- _TASK DESCRIPTION_:
Return a verbatim reproduction of each line, starting at the line with "this 850×560 image." and ending at the last line of the listing below.

____ AVAILABLE RECORDS

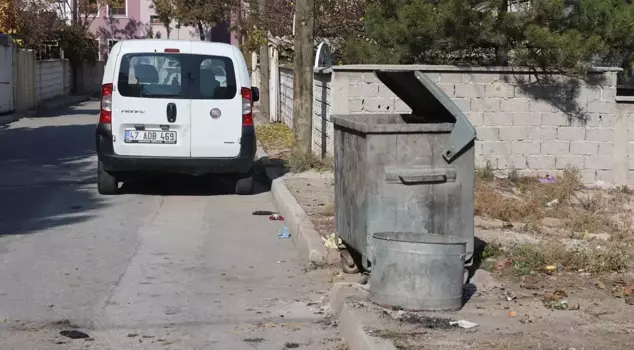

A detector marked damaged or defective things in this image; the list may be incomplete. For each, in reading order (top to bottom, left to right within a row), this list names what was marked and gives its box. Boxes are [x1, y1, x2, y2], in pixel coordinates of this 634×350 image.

cracked asphalt [0, 100, 340, 348]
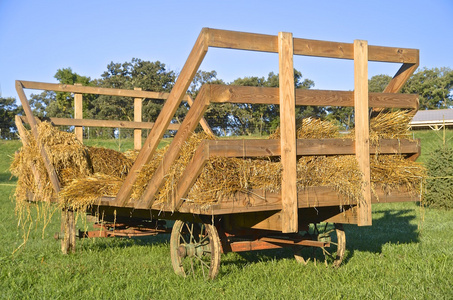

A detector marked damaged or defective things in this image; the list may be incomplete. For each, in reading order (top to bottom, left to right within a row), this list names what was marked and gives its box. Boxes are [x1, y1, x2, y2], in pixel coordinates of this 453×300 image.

rusty wagon wheel [170, 219, 221, 280]
rusty wagon wheel [294, 223, 346, 268]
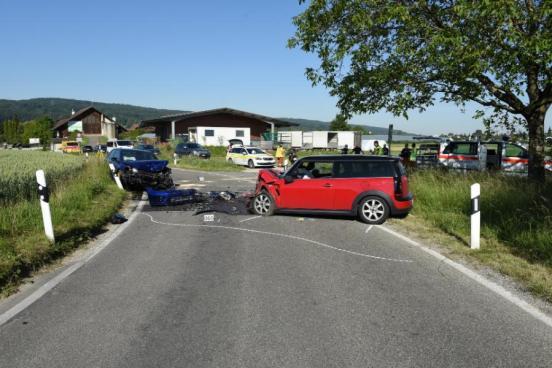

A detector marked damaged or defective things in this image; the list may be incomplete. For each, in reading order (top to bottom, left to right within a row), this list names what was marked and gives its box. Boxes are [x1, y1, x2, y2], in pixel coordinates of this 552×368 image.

damaged blue car front [106, 148, 174, 190]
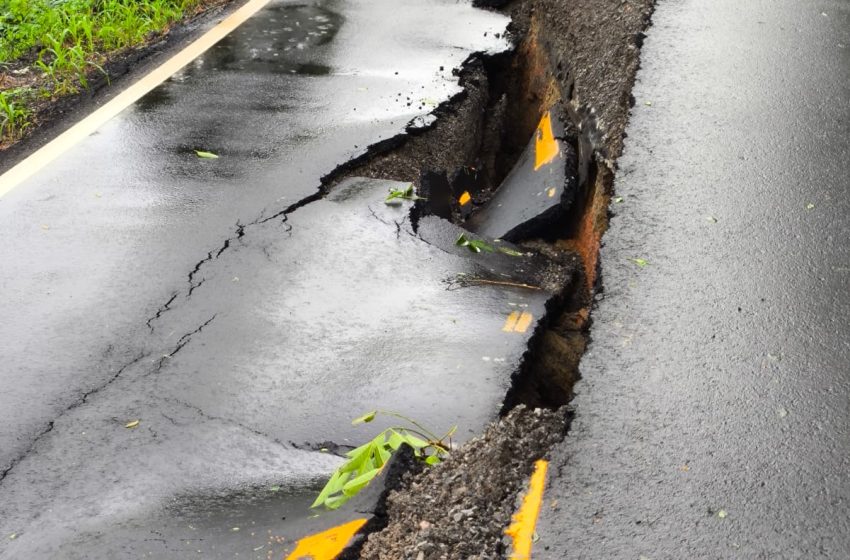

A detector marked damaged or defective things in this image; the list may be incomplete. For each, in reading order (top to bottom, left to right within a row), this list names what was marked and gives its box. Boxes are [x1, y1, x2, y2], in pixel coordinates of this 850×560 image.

cracked asphalt [0, 2, 548, 556]
damaged road surface [0, 0, 584, 552]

________

- _EXERCISE OUTPUT_:
A detector marked damaged or defective things in this image; the list may be incomplete. For each, in reading order (top to bottom, left to right within a row), this list names what was marked and gives its box. Boxes are [x1, y1, x2, y2], in pixel coordinates of this 850×560 image.

cracked asphalt [0, 2, 548, 556]
damaged road surface [0, 0, 584, 552]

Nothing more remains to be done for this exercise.